A massive marijuana grow connected to a Mexican drug trafficking organization was raided in Oregon, resulting in the seizure of over 6,500 plants. Monte Stiles explains why drug cartels are emboldened by drug legalisation.
Commentary by former DA Monte Stiles.
The seizure of a massive cartel marijuana operation in the mountains of Oregon this week reveals the absurdity of one of the primary arguments used to dupe the general public and politicians.
The pro-pot crowd claims that legalization will eliminate the black market. Instead, the legalization of marijuana allows the pot industry to aggressively advertise and market a crude street drug and 100s of additional products containing extremely high levels of THC. The marketing of these products, and easy access to unlimited supplies, expands the customer base for marijuana and normalizes its use. As a result, the pot industry is free to openly advertise, manufacture, process, transport, and distribute massive quantities of drugs. This gives other “unlicensed” drug dealers the ability to blend in – to literally “hide in plain sight.”
Because the black market exists to avoid taxes, regulations, and make money, cartels can easily undercut the price of “legal” sources and provide a “best price guarantee.”
The demand for high-grade pot from Colorado, California, Washington, Oregon and other legalized states means that massive quantities are exported to every other state in the country. None of this happens legally.
Because of massive fraud and abuse, California has effectively been a recreational use state since 1996, and yet their hills and mountains are full of cartel grows. Despite all of their claims of regulation and enforcement, Colorado has become a source nation for the rest of the country.

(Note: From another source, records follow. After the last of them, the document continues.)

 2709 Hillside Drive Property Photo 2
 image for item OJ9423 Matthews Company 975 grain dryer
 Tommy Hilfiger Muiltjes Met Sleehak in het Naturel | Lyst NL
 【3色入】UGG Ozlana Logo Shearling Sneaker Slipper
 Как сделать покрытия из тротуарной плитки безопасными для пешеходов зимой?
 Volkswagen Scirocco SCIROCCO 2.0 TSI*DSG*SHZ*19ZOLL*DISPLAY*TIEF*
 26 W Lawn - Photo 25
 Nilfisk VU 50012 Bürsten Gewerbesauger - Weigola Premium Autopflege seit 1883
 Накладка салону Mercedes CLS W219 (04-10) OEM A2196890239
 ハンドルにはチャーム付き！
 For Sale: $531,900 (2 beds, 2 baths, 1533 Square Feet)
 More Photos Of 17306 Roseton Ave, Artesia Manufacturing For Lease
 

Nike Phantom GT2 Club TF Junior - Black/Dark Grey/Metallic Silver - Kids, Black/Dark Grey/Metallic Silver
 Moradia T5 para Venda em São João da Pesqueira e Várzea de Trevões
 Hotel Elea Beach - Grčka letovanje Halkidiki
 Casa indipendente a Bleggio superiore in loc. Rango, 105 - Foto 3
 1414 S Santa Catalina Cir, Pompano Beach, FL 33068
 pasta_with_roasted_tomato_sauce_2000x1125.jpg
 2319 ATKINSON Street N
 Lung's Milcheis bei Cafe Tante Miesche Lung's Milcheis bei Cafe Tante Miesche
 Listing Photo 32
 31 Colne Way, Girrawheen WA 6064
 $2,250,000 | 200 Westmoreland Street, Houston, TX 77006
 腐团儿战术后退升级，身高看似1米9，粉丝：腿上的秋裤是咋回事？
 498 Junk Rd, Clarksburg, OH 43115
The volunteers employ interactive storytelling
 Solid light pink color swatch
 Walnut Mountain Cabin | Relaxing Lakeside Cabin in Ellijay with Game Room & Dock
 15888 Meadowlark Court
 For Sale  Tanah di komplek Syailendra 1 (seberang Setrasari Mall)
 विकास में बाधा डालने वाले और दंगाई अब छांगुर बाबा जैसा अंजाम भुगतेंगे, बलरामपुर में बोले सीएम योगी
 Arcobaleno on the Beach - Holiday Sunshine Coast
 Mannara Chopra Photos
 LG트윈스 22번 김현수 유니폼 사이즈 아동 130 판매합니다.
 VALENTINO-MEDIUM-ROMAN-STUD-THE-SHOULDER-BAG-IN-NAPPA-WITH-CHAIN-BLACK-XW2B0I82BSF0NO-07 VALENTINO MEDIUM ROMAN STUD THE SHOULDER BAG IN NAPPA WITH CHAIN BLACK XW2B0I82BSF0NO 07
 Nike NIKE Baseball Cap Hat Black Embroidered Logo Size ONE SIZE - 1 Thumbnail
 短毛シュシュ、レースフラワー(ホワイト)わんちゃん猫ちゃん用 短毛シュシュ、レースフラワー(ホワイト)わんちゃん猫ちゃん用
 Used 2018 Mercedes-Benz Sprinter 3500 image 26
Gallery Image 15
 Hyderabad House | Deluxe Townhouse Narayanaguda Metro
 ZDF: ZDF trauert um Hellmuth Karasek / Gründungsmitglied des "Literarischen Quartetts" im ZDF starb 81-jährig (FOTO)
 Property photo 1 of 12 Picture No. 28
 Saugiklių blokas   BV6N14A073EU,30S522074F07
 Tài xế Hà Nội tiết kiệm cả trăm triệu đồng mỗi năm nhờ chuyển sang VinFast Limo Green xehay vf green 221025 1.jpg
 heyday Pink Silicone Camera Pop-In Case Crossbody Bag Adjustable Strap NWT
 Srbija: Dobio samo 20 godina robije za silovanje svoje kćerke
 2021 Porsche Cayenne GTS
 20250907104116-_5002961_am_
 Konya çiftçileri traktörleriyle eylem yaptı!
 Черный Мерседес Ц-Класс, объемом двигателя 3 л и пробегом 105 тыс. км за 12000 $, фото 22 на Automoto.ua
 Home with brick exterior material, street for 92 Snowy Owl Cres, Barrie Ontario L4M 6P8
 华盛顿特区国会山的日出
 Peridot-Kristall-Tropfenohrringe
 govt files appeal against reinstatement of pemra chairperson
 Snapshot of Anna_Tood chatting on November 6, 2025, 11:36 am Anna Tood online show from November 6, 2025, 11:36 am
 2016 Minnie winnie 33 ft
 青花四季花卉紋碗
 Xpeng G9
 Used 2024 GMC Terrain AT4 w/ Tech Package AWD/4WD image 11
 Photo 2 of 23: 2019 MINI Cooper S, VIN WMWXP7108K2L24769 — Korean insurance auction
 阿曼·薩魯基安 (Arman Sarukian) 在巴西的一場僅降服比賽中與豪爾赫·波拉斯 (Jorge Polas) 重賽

And in Oregon, where over $9 million in pro-pot spending caused the people of Oregon to legalize “personal use” possession of one half pound quantities of pot, the black market continues to thrive.
Just like the other big pro-pot lie, that regulation keeps marijuana out of the hands of children, we have never had better evidence to reveal the absurd and fraudulent nature of their claims.
As a federal drug prosecutor who has interviewed 1000s of drug traffickers for over two decades, I can say the following with absolute certainty:
Drug cartels and other criminal drug trafficking organizations are not intimidated by legalization, they are emboldened by it.